= Blue goo =

Type of soil

Blue goo is a sticky, plasticky, blueish-grey, clay-textured soil derived from a highly weathered serpentinite mélange. The name derives from the soil's color; a result of undergoing anaerobic conditions and becoming gleyed. A greyer variation is called "grey goo". Blue goo is primarily found along the Northern California coast.

== Parent material ==
The Franciscan Complex is the bedrock from which blue goo is derived. It stretches along the coastline from Central California up to Southern Oregon and contains sheared materials from both the Pacific and North American Plates that have accumulated in the accretionary wedge.

The rock types that produce blue goo include: greenstones, cherts, basalts, shales, sandstones, schists, and serpenitites. These materials mixed together forming a "plum pudding" or a mélange. This mélange decomposed through weathering to form blue goo.

== Common features ==
Clay soils like blue goo have the highest water-holding capacity when compared with other soils, giving them a low draining capacity. This kind of habitat is unsuitable for most plants, but the Northern California coastline maintains high levels of vegetation year round.

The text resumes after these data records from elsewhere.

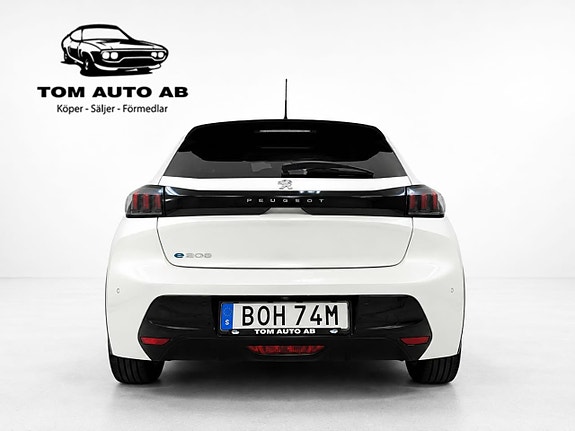 Peugeot e-208 5 of 28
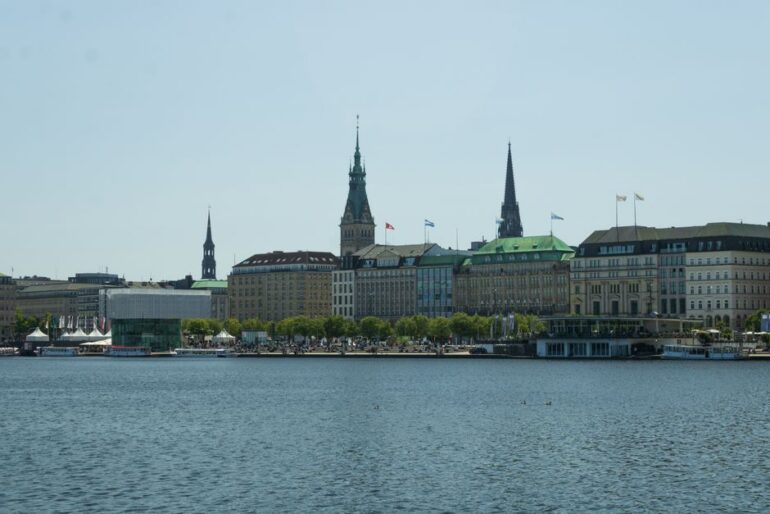 Filmfest auf schwimmender Leinwand am Jungfernstieg.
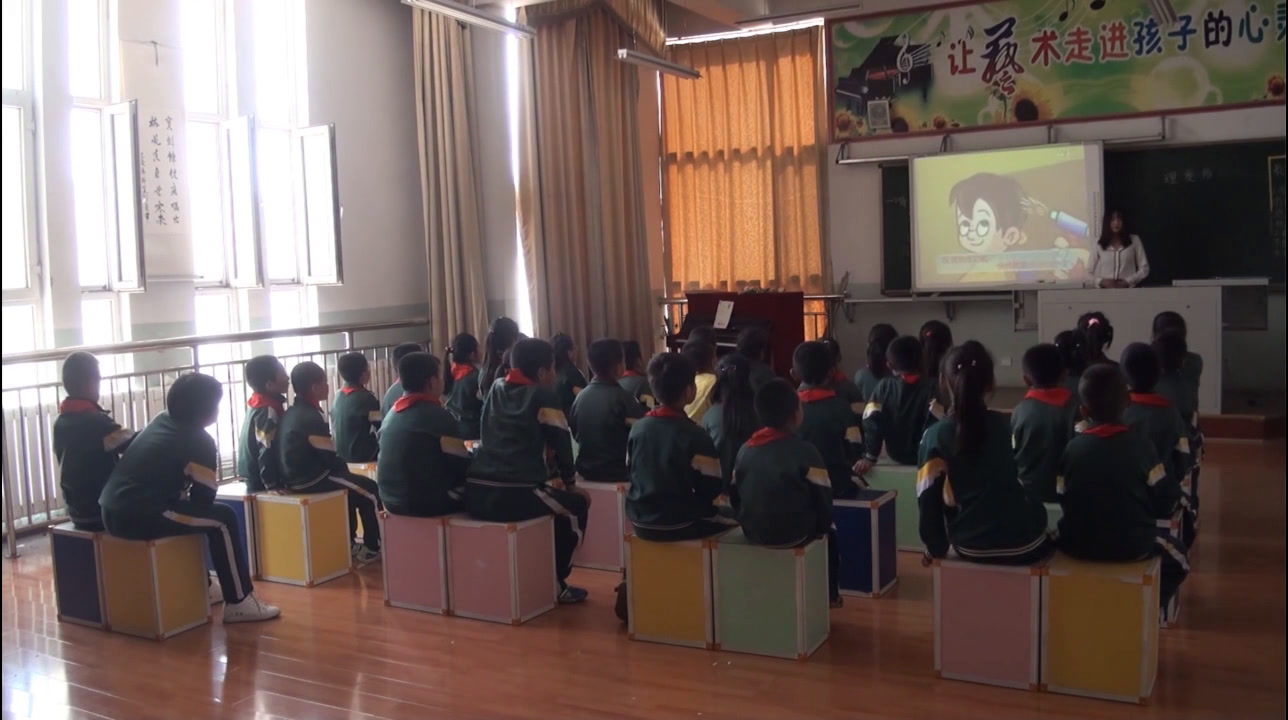 人教版音乐二上《唱歌　理发师》内蒙王老师-市一等奖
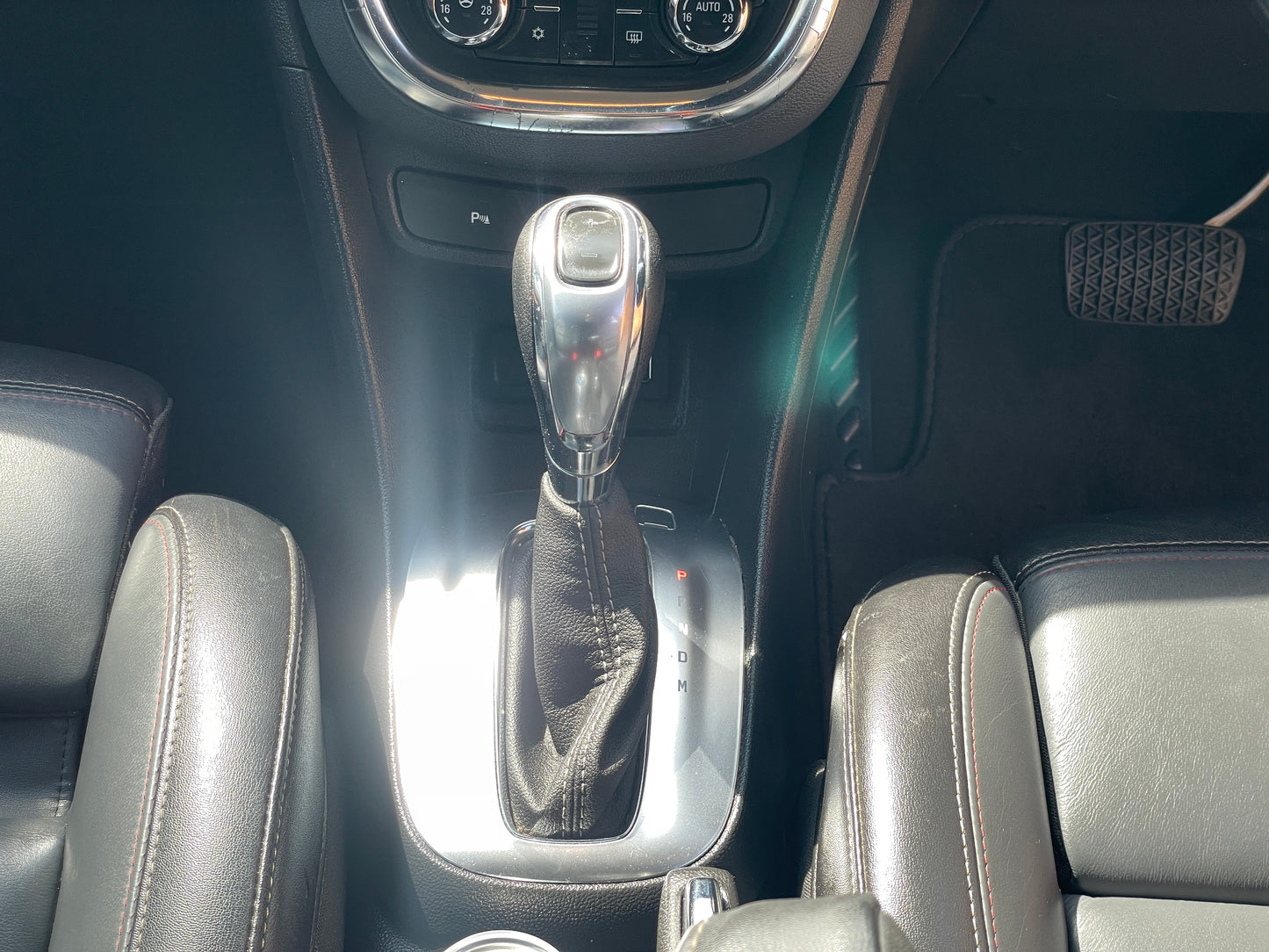 2015 Vauxhall Mokka
1.4i Turbo SE Auto 2WD Euro 6 5dr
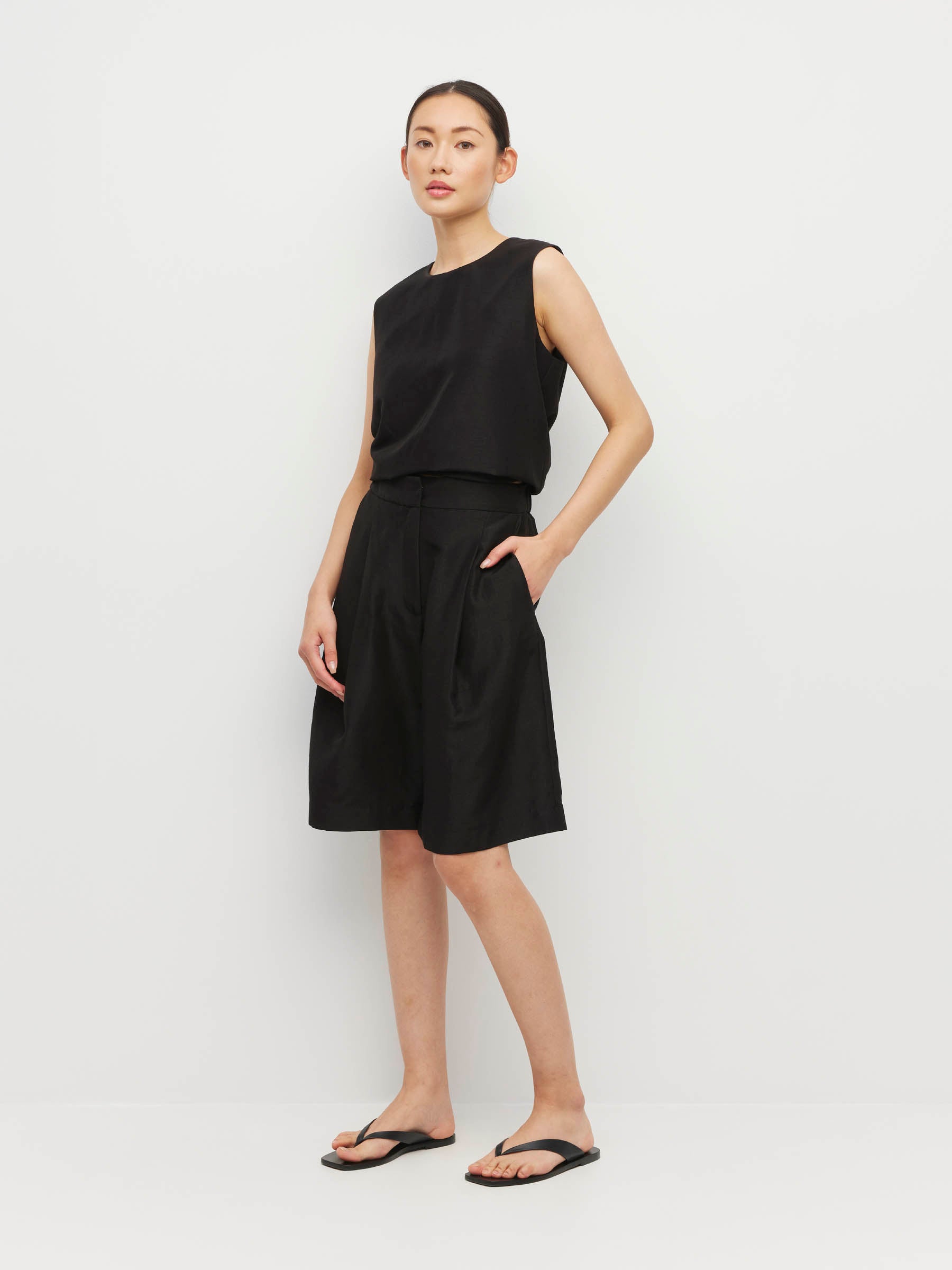 Halina Short (Akira) Black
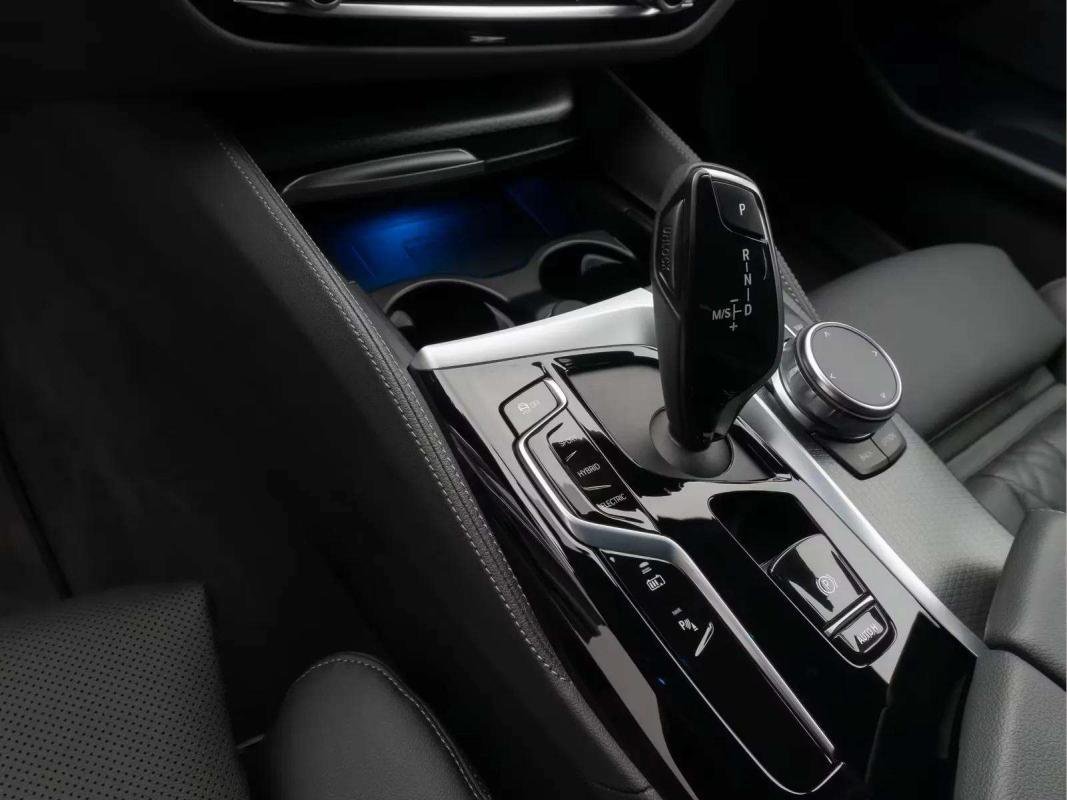 BMW 530 - Photo 10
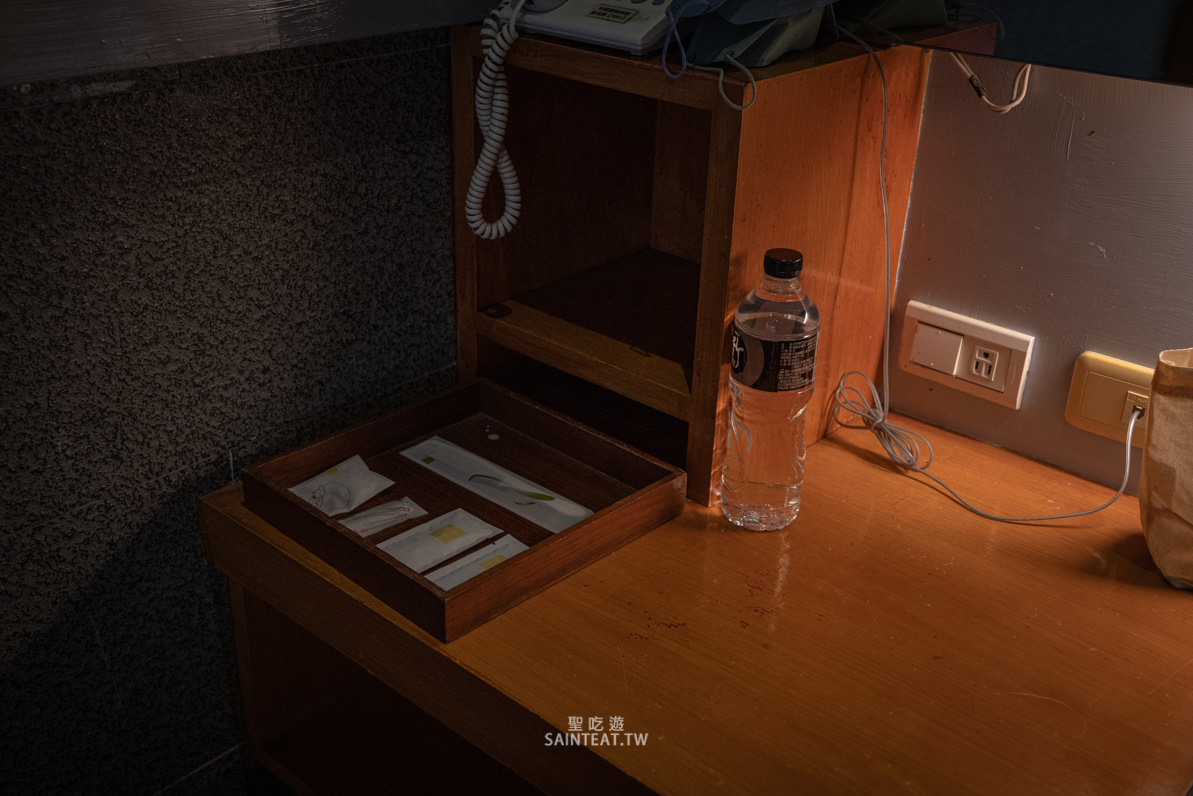 關子嶺溫泉》儷景溫泉會館｜溫泉冷泉獨立湯屋 90分鐘，有沙發淋浴間廁所，泥漿溫泉超放鬆～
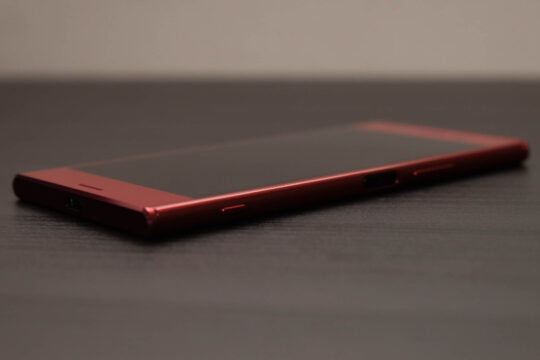 追加カラーのRossoに一目惚れ。我慢できずにXperia XZ Premium Rossoに機種変更。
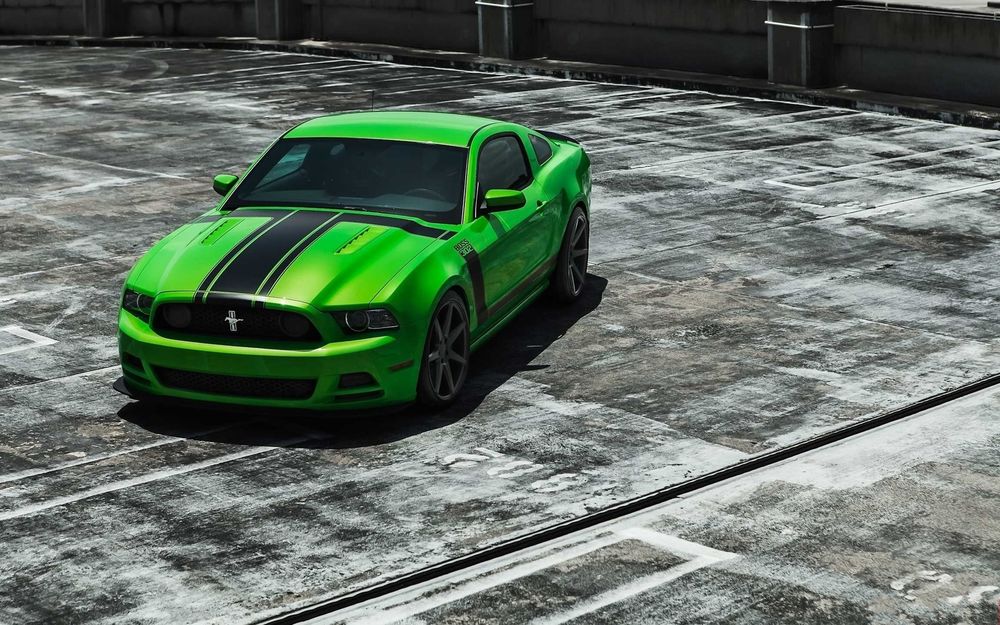 Обои для рабочего стола Ford Mustang на открытой площадке
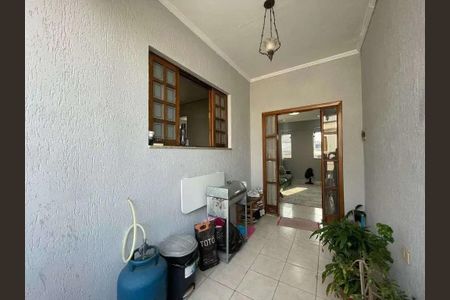 Casa à venda com 200m², 4 quartos e 2 vagasPátio com churrasqueira e piso de cerâmica, com vista para a cidade.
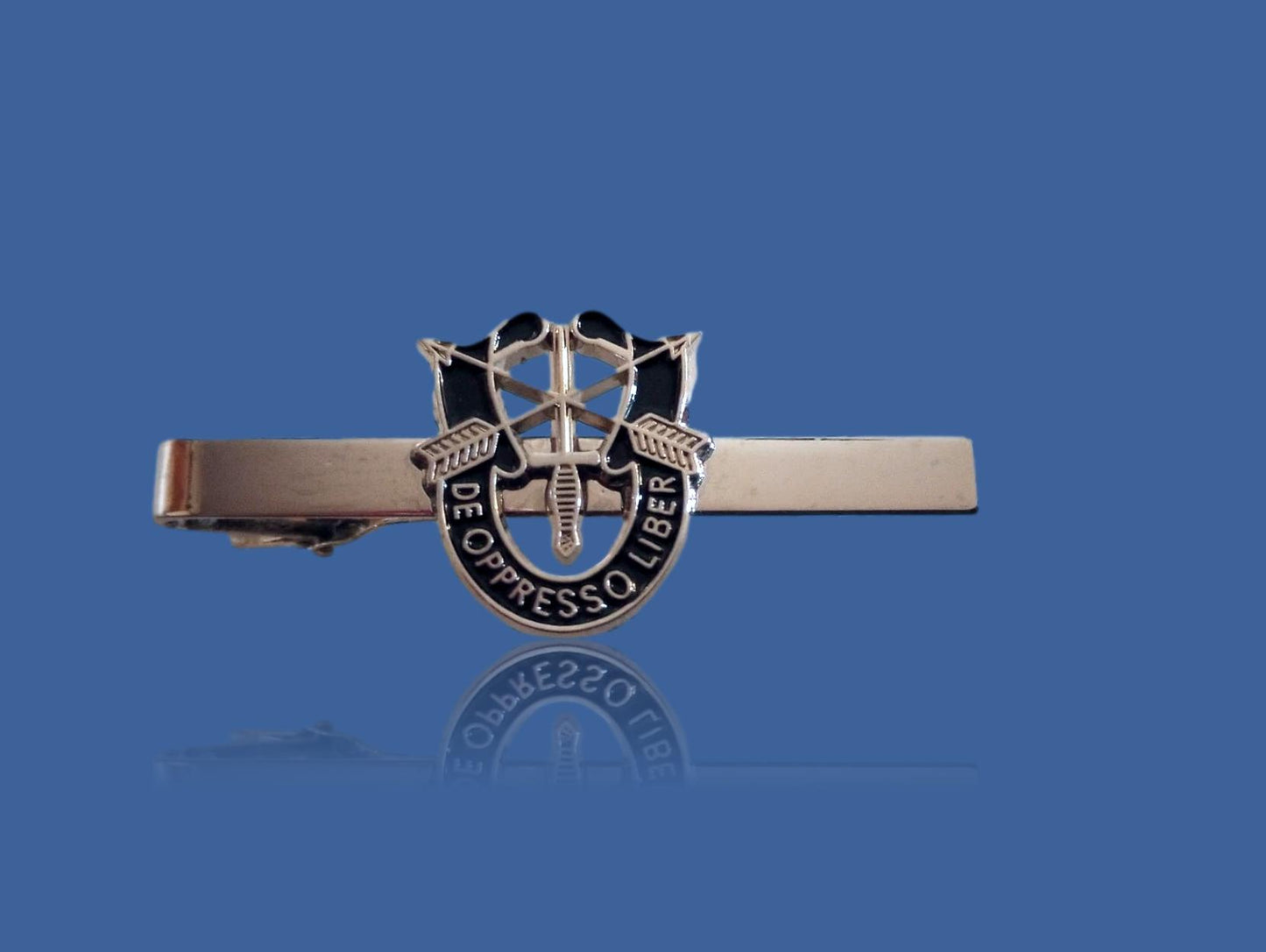 U.S MILITARY ARMY SPECIAL FORCES TIE BAR OR TIE TAC CLIP ON TYPE U.S.A MADE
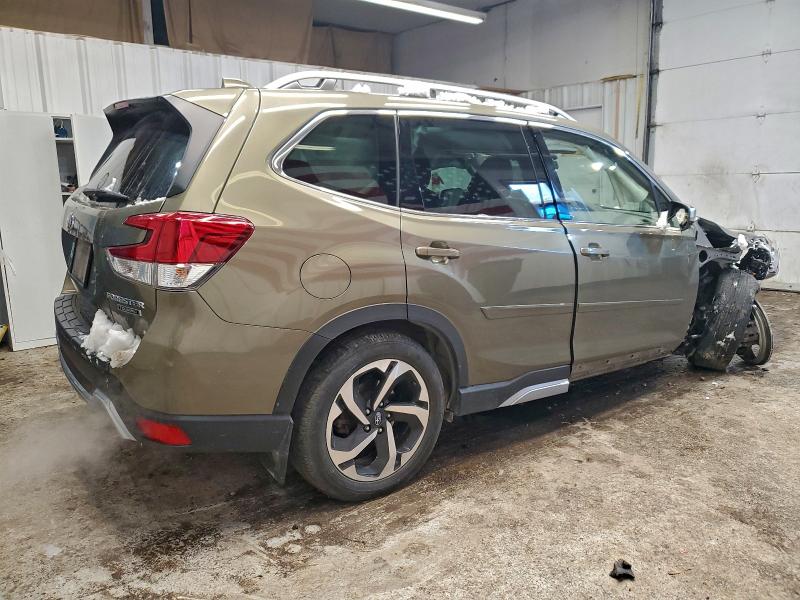Photo 3 from auction – 2023 SUBARU FORESTER T with VIN JF2SKARC9PH509877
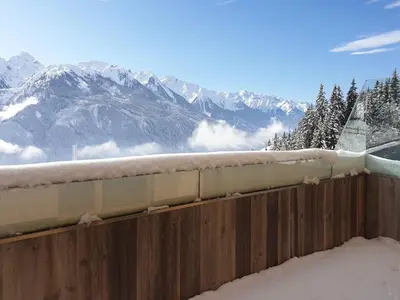 Ein allgemeiner Bergblick oder ein Berglick von der Ferienwohnung aus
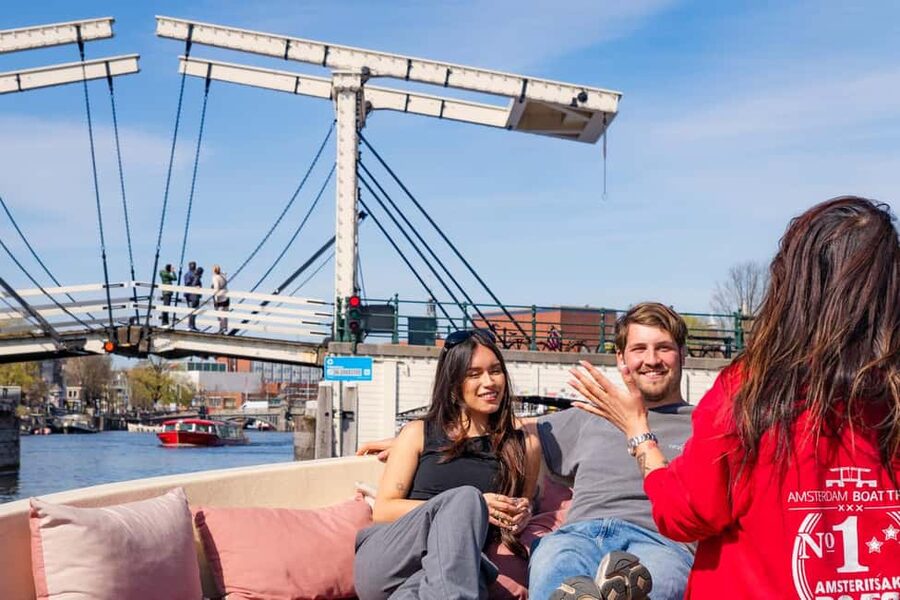 CHEESE AND DRINKS TOUR: A TASTE OF AMSTERDAM ON THE CANALS - Practical details that affect your comfort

Due to blue goo's clayey texture, it slips when overly saturated. This slippage is increased in heavy rainfall areas and in shallow soils; deep soils have more total pore space and are not as prone to slippage. These features contribute to the landslide-ridden environments found along the Northern Californian coast.

== Locations ==
The Franciscan Complex, from which blue goo is derived, extends from Central California up the coast through parts of Southern Oregon. But blue goo has only been found in two Northern Californian regions located in Humboldt County: the Trinidad region and the Orick region. Blue goo is thought to also be found in the Eel River region and along the Southern Oregon coastline.